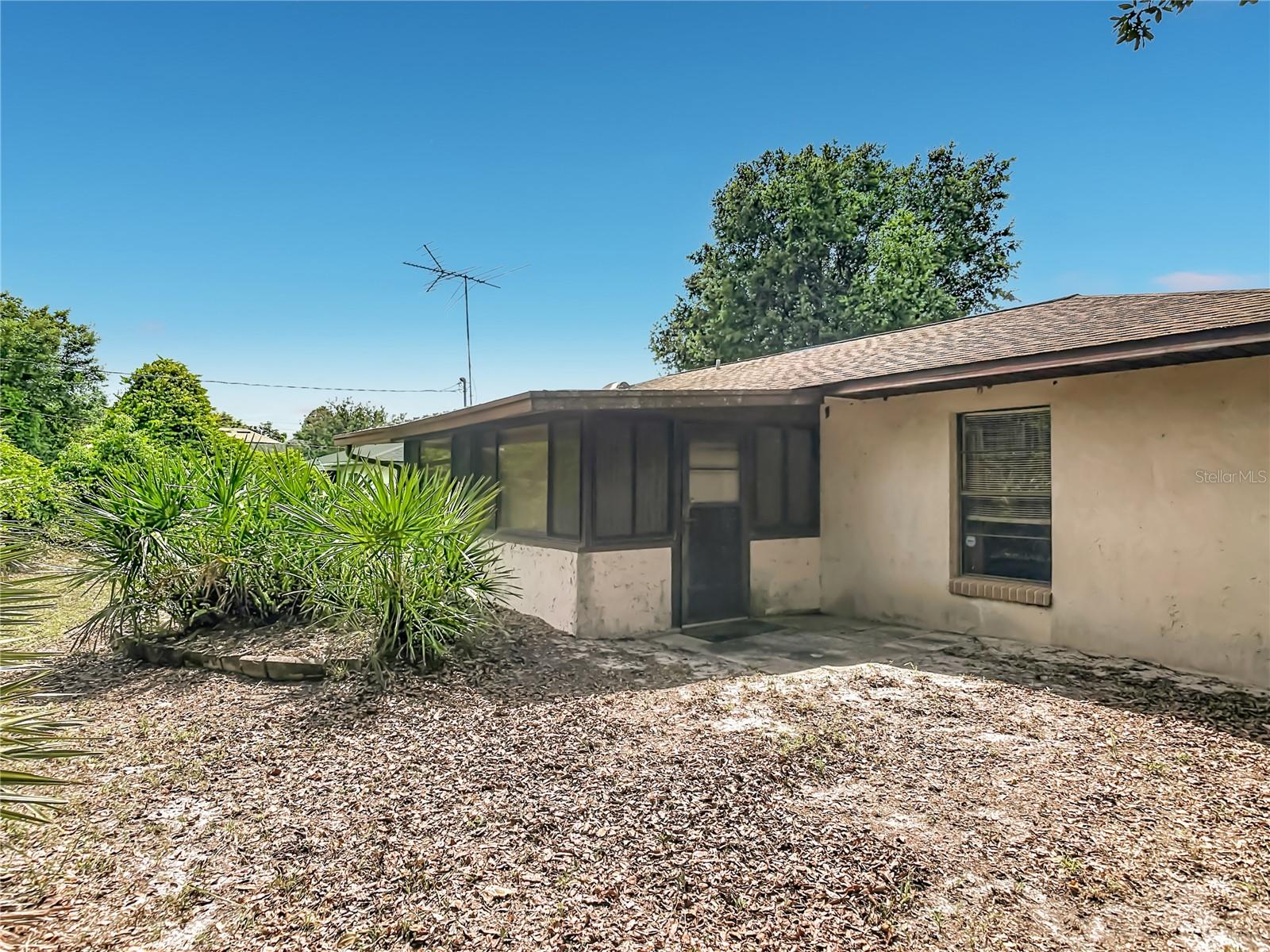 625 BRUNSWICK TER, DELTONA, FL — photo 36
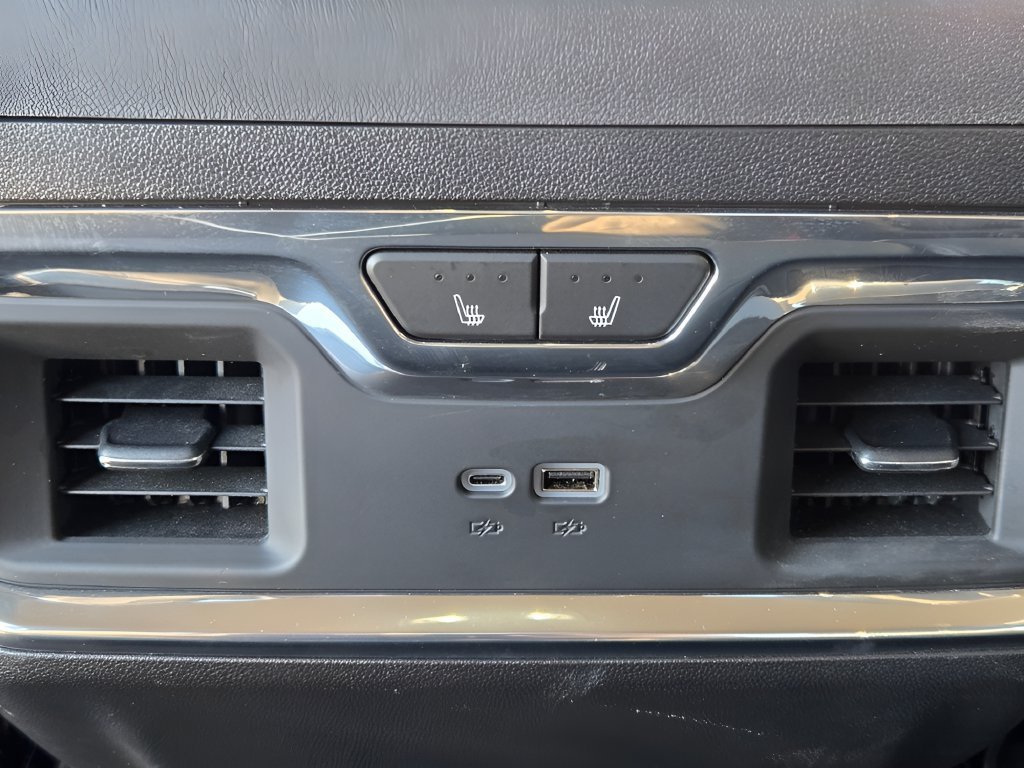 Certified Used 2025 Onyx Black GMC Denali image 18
· · · · · · ·
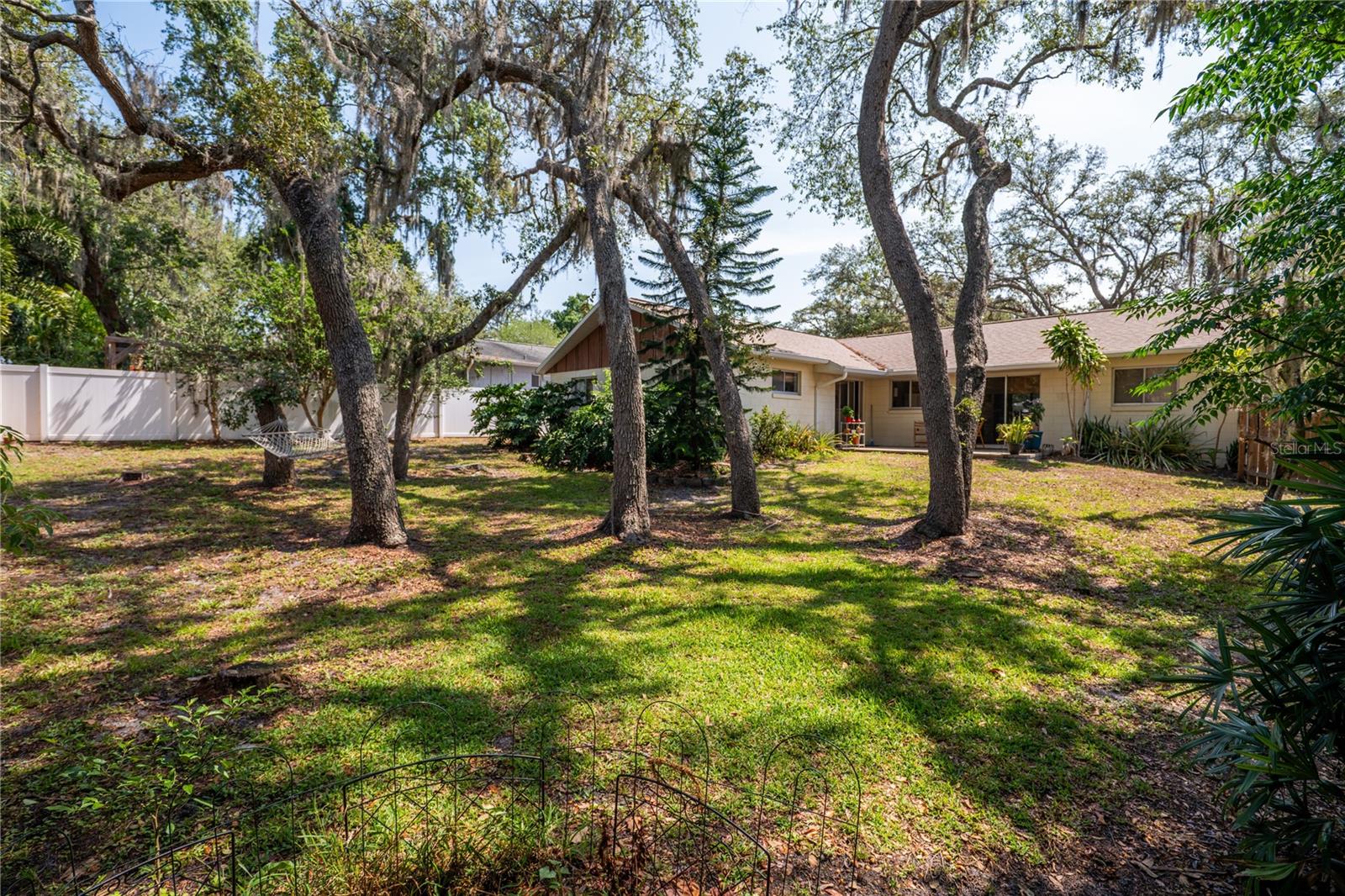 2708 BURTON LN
· · · · · · ·
◆ Task item: Word for word, repeat the lines above from the one with "625 BRUNSWICK TER, DELTONA, FL — photo 36" through the one with "Certified Used 2025", and nothing beyond them. Omit the pictures.

◆ Response to the exercise:
 625 BRUNSWICK TER, DELTONA, FL — photo 36
 Certified Used 2025 Onyx Black GMC Denali image 18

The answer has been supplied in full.